Yes, yes, this revelation would radically alter the philosophical underpinnings of the saga. It would make a lot of people mad. It would force all preceding films to be viewed in a somewhat different light. There’s no way Lucasfilm’s czar, Kathleen Kennedy, would be down for such a twist. And yet, this move would be altogether consistent with the direction the series has been trending.

In Episode I and its fellow prequels, we are introduced to the “institutional Jedi Order”—a council of sages who, drawing upon years of teaching and philosophy, discipline and regulate the use of the Force. (We also hear Qui-Gon Jinn pontificate on the theory of “midichlorians” and their connection to Force sensitivity, but it’d be easy to retcon this as purely speculative.) By Episode III, we see the shattering of the Jedi and the total breakdown of the Order’s institutional framework: no lattice of abstract Jedi precepts can survive against the combined threats of war, betrayal, and the taint of the dark side.

But Anakin Skywalker’s treason doesn’t entail the end of the Jedi. In place of a single unified entity, a constellation of independent Force-wielding figures emerges: Obi-Wan Kenobi on the desert world of Tatooine, Yoda on the swamp planet Dagobah, and many others. Each understands the Force, and the role of the Jedi, somewhat differently; each, however, continues to identify as a Jedi.
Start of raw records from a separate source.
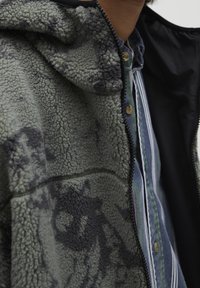 Polarowa kurtka w oliwkowym zieleni z czarnym abstrakcyjnym wzorem, z kapturem, zapięciem na zamek i teksturowaną powierzchnią. Widoczna koszulka pod spodem.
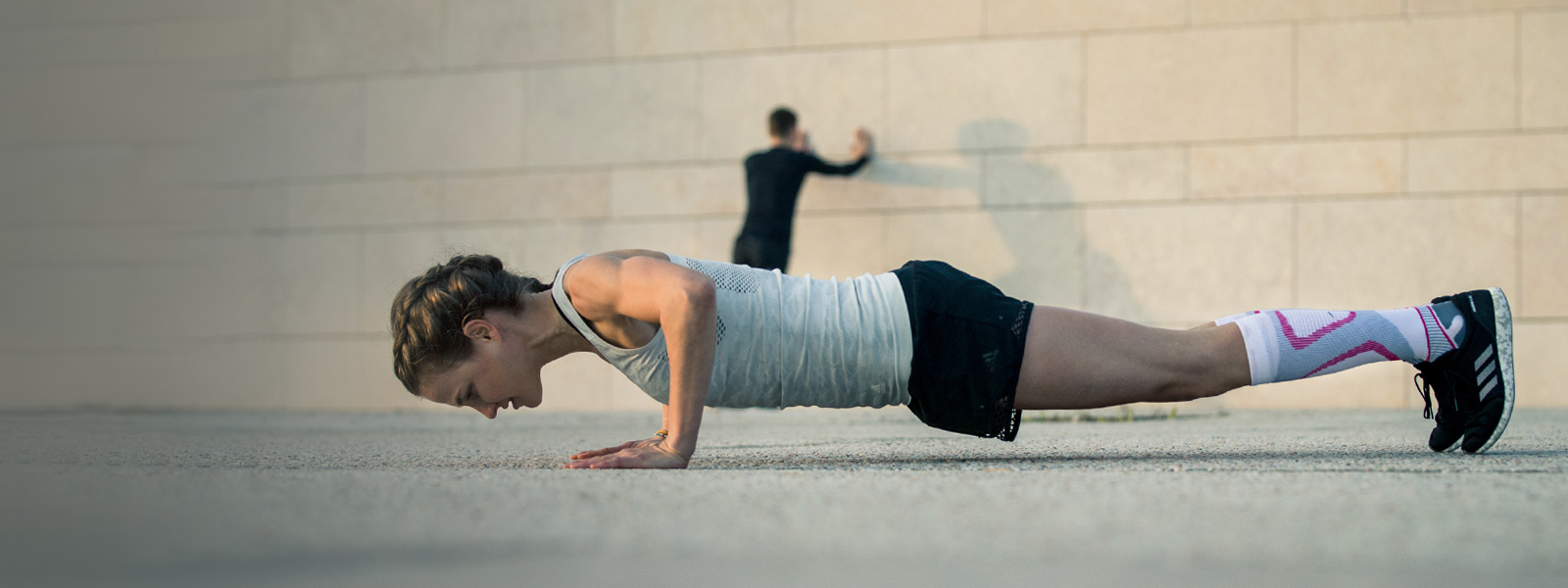 Vrouw maakt push-ups op een betonnen vloer op de achtergrond die een man uitstrekt op een muur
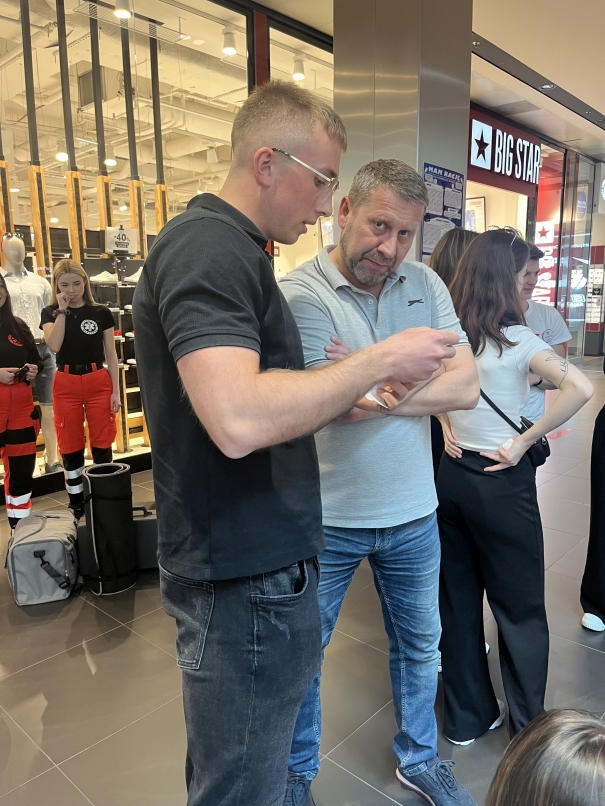 Na pierwszym planie dwóch mężczyzn prowadzi rozmowę — jeden ma na sobie czarną koszulkę polo i okulary, a drugi jasnoszarą koszulkę polo i dżinsy. W tle widać wystawę odzieżową w dużym szklanym sklepie, a obok znajdują się ratownicy medyczni. Na witrynie widnieje duży napis „BIG STAR”.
The essential tenet of the Order—that the Force is only properly understood and embraced within the context of the Jedi system—remains intact.

Fast forward to 2015’s “The Force Awakens” and 2017’s “The Last Jedi.” We meet a world-weary Luke Skywalker, an aging master who’s not simply skeptical of the Jedi Order, but of the Jedi teachings themselves. (It’s surely no coincidence that Luke refers to “the Jedi religion”—a phrasing not used since the original 1977 film.) By TLJ’s end, however, Luke seems to have regained his faith, vowing that he “will not be the last Jedi.” The threat of nihilism is averted.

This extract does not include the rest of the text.